With the CMDA, behavior subscription is now done at the content model level. Among other useful properties, this design allows people to significantly change behaviors for whole classes of objects without making changes to (or visiting) every single one.

Since the content model object would now appear to occupy the role of the old per-object disseminator, if a datastream-to-BMech-input mapping existed, it would go in the content model, right?

Actually, I don't think so. In general, a content model is intended to be a sharable object that survives through time. It a) describes a class of objects by their structure, and b) indicates which operations/behaviors they should have within a repository. In order for it to be as sharable and survivable as possible, the content model must not dictate *how* the operations are to be executed.
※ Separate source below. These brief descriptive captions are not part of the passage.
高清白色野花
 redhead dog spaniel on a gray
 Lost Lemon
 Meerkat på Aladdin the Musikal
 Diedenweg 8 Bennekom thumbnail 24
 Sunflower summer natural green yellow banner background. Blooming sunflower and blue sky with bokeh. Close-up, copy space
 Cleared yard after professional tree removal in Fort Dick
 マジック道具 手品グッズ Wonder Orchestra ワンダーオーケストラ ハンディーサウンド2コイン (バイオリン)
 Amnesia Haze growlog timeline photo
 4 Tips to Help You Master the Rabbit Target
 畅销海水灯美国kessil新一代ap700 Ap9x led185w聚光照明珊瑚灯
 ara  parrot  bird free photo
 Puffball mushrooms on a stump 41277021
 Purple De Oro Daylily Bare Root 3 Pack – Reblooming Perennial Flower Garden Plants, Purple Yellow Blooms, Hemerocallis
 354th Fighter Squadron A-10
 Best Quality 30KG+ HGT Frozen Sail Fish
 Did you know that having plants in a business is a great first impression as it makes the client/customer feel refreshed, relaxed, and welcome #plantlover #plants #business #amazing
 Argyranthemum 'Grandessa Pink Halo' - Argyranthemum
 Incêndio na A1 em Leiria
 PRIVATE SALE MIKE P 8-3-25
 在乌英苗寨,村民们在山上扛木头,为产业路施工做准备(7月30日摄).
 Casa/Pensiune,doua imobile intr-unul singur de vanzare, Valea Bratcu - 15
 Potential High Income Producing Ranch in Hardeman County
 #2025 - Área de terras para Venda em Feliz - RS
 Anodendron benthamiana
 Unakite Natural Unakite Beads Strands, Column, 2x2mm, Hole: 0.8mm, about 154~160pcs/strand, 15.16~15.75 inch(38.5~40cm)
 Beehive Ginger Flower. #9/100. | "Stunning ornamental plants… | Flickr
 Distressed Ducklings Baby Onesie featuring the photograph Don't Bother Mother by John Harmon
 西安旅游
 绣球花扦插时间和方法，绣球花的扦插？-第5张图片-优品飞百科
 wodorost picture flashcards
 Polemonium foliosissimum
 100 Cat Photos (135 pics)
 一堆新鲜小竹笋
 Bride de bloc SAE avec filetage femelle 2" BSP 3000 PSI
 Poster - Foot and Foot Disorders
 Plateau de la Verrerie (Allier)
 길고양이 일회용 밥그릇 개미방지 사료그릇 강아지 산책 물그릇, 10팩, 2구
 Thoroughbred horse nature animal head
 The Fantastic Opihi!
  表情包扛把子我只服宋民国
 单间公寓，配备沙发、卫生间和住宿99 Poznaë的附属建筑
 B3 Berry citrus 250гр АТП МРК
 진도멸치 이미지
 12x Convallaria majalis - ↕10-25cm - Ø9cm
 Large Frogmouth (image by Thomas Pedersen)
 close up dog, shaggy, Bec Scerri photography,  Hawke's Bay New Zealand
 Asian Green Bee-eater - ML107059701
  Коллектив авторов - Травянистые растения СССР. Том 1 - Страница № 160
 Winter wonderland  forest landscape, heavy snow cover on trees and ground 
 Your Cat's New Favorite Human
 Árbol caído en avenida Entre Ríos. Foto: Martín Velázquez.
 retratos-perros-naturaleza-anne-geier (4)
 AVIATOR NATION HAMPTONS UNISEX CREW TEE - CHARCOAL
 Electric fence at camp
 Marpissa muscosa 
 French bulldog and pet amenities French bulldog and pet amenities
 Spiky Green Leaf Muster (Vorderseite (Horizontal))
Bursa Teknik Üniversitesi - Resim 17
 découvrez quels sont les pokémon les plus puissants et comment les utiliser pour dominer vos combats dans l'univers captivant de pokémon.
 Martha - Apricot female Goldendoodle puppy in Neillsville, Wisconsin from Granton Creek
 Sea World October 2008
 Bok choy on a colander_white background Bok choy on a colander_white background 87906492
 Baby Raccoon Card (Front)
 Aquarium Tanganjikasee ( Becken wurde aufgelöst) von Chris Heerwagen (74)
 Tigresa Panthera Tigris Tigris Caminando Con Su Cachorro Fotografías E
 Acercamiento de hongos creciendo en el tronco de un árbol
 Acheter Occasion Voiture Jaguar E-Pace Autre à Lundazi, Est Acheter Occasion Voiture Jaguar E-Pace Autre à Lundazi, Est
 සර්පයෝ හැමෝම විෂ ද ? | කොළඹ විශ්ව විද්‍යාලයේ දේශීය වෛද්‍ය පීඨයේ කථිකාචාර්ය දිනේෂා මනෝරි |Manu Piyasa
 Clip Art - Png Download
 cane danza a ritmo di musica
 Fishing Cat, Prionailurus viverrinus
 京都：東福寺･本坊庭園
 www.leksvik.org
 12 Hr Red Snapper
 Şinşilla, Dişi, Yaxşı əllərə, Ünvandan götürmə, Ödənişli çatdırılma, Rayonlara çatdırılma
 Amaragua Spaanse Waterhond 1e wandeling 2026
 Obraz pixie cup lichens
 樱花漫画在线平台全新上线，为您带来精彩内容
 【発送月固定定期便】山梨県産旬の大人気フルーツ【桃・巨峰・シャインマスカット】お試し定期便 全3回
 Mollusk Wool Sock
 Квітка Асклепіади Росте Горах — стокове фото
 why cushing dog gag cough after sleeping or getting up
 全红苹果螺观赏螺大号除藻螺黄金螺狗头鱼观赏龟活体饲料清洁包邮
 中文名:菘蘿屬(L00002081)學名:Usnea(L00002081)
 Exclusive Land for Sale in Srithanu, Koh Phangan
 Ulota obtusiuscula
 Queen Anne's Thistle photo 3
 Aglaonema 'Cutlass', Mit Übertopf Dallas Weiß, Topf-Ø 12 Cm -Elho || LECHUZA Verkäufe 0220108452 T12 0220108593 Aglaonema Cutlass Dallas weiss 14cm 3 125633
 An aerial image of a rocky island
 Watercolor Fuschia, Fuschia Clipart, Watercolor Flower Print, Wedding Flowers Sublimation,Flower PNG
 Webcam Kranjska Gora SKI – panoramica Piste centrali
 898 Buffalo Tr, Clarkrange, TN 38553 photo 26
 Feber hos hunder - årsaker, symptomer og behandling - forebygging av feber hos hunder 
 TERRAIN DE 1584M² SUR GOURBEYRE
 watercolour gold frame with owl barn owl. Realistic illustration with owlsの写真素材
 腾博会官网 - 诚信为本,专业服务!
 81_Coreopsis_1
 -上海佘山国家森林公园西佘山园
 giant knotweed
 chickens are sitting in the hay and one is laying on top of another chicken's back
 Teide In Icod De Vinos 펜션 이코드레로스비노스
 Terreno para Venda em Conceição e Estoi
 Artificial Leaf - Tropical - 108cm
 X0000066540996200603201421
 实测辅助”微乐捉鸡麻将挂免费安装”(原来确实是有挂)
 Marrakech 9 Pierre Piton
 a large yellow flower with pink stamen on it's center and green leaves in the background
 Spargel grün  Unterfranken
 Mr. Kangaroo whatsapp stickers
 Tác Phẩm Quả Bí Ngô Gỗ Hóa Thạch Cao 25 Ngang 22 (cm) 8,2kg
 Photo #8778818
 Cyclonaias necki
That's the job of the BMech.

Part of the "how" is deciding which (if any) of the datastreams defined by the content model actually need to be given as input to the code that executes the behavior. At a high level, BMechs are bound to content models, and not vice-versa. The direction of the relation is important. It's the BMech's job to pick apart the content model it works with and decide how it's going to fulfill the contract with the given pattern of data.

Therefore the mapping, if necessary, is really a BMech implementation detail. But if a BMech only isContractor for one content model, then there's really no point to having the extra indirection...just make the part names in the BMech match the datastream IDs and be done with it. That's the simplest approach, and the one that I think will get people "up and running" with the CMDA the quickest.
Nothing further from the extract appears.